抄録
プラスチドはラン藻の祖先の細胞内共生によって生じ、プラスチドゲノムは共生体ゲノムに由来するが、共生体が持っていた大部分の転写因子や複製装置は、植物の進化の過程で失われたと考えられている。単細胞性紅藻Cyanidioschyzon merolaeは,いくつかのバクテリア由来のDNA結合タンパク質をプラスチドゲノムに保存しており、原核的なDNA結合タンパク質のヒストン類似タンパク質(HU)がプラスチドDNAの凝縮に関与している。エンドウの葉緑体では、亜硫酸還元酵素(SiR)が葉緑体DNAの凝縮に関わり、凝縮に伴い転写を抑制的に調節している。C. merolaeのプラスチドや、ラン藻Anabaenaの核様体にはSiRも結合しており、本研究では、C. merolaeやAnabaenaにも核様体の凝縮に伴う転写調節があるか調べることを目的としている。

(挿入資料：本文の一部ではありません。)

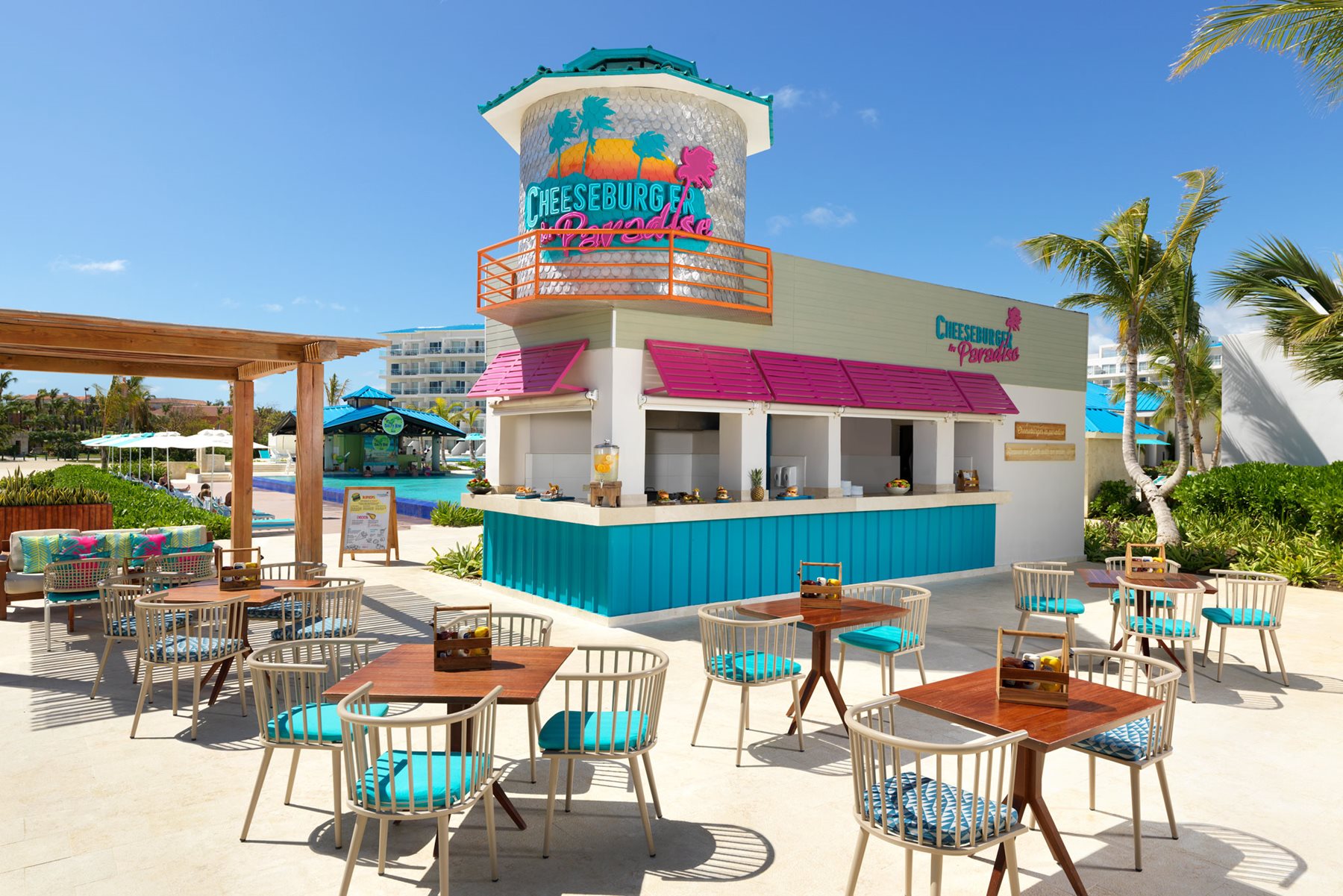 puj-margaritaville-cap-cana-resto-cheeseburger-01.jpg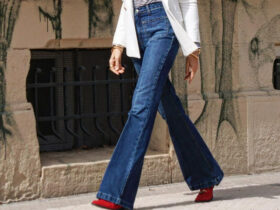 Modne jeansy damskie dla kobiet po 50-tce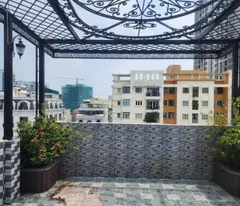 Bán tòa văn phòng 8 tầng - MP Nguyễn Hoàng - Mỹ Đình – 63,6m2 MT: 5m - 44tỷ 680tr - nội thất xịn.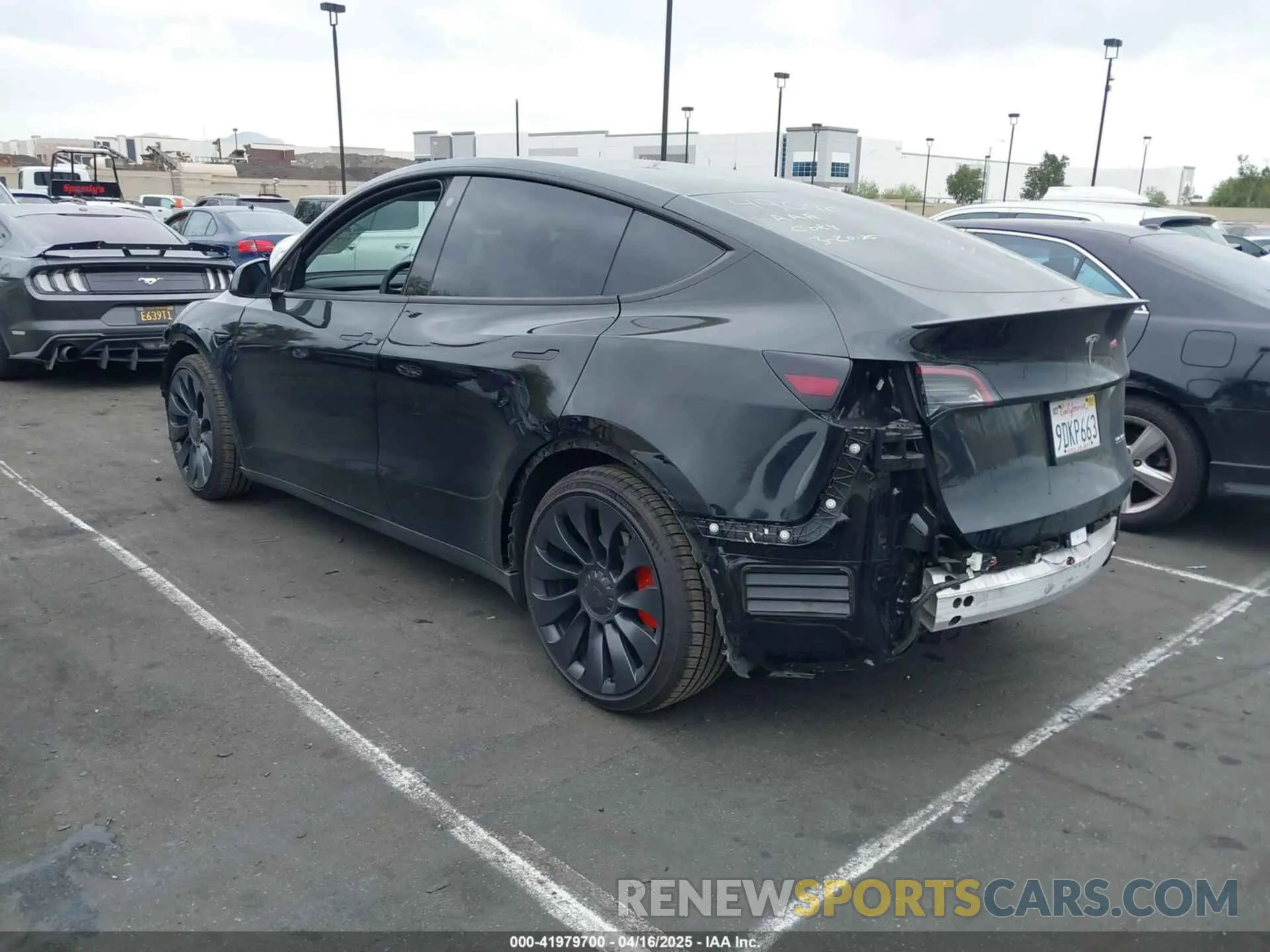 3 Photograph of a damaged car 7SAYGDEF9NF573851 TESLA MODEL Y 2022
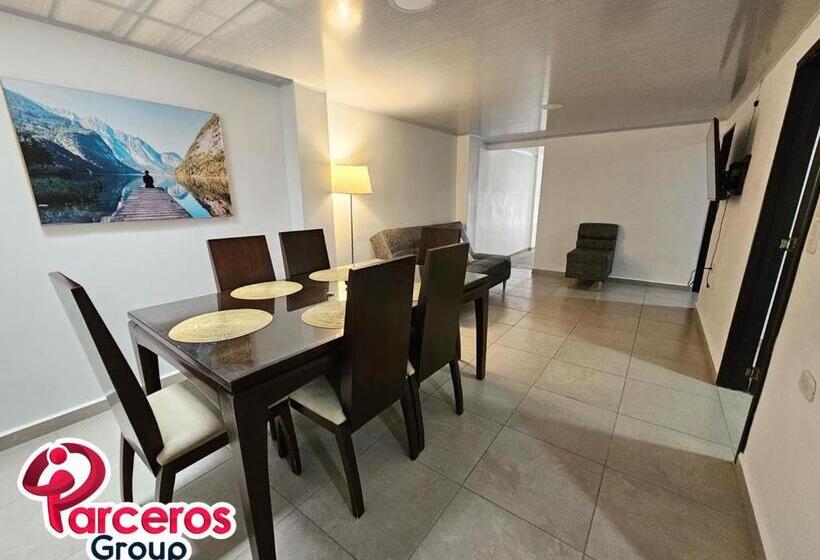 דירת שלושה חדרים, Apartahotel Circunvalar Por Parceros Group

Anabaenaと、C. merolae、コケ、エンドウのプラスチドの核様体のin vitro転写実験系の基本的な性質を比べ、さらにDNA結合タンパク質の転写に及ぼす影響を比べた。SiRはそれぞれの核様体の転写活性を下げたが、HUはAnabaenaとC. merolaeのプラスチドの核様体の転写活性を上げた。ラン藻、紅藻、緑色植物では核様体の構造や機能に関わるDNA結合タンパク質において大きな違いがあることがわかった。